By Hannah Rabinowitz, Holmes Lybrand, CNN

(CNN) — A key Republican whose yes vote would be needed to advance Todd Blanche’s nomination as attorney general said Thursday that Blanche needs to meet with victims of Jeffrey Epstein before he would be in favor of President Donald Trump’s choice.

Sen. Thom Tillis said that while he had a positive disposition toward Blanche, he has not made a final decision on the nomination.

“This is a very important part of getting to yes,” Tillis said during a Senate Judiciary Committee hearing Thursday. “There should not be any reason why, based on what Mr. Blanche said yesterday, if he said that he would do it today, then he can certainly do it over the next two weeks.”

“Blanche was willing to say that he would meet with them and counsel, I understand the restriction that counsel has to be present,” Tillis said Thursday. “I expect that meeting to occur before I’m willing to vote out of this committee, and I’m trying to get to yes.”

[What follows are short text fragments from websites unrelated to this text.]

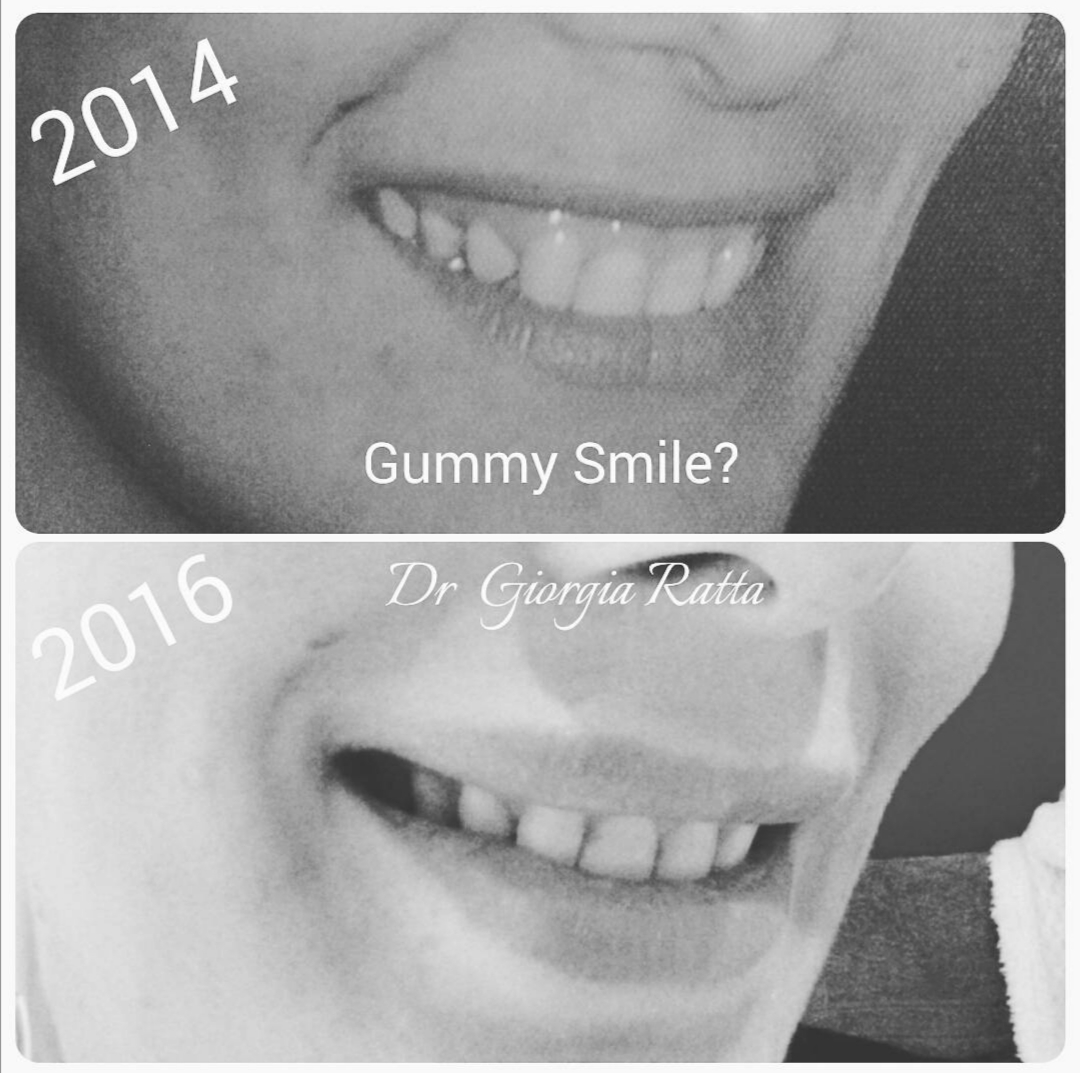 Dr Giorgia Ratta - before and after treatment image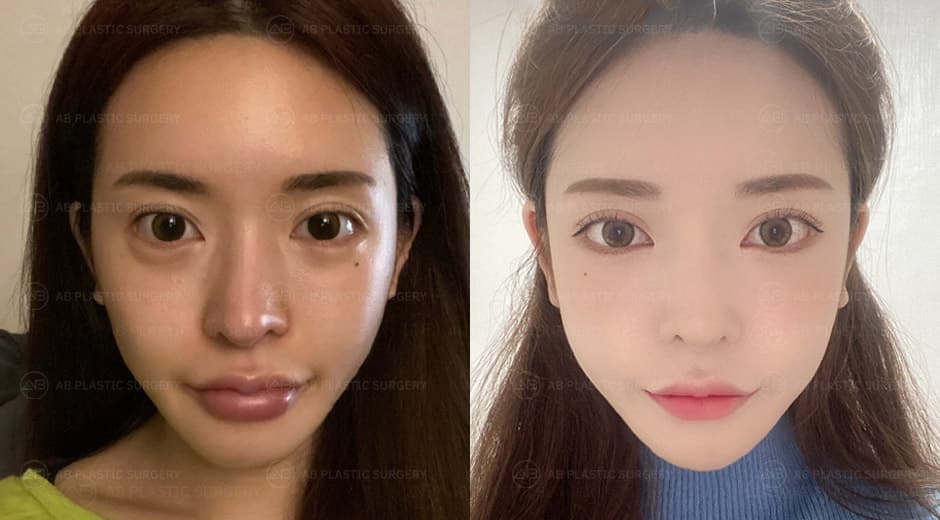 'Rhinoplasty Revision' done! My friend also got it done here after she saw my nose XD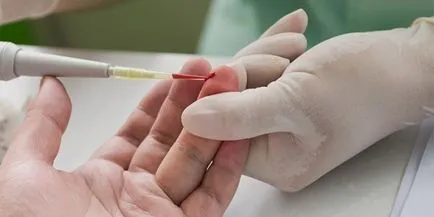 Cum de a îmbunătăți rata de sedimentare în analizele Cum de a îmbunătăți rata de sedimentare în analizele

Blanche fielded hours of questions from the Senate panel yesterday, acknowledging there were some errors in the department’s vetting of the Epstein files, but defending his handling of the case.

A group of Epstein survivors have urged the Senate to reject Blanche’s nomination. One victim, Dani Bensky, testified against the acting attorney general on Thursday, with other survivors in the room standing with pictures of themselves at the age they were first abused.

The fate of Blanche’s nomination in the Judiciary Committee hinges on two Republican senators with nothing to lose: Tillis, of North Carolina, and Texas’ John Cornyn. Cornyn recently lost the Republican primary in his state to a Trump-backed rival, while Tillis announced last year that he would not seek reelection.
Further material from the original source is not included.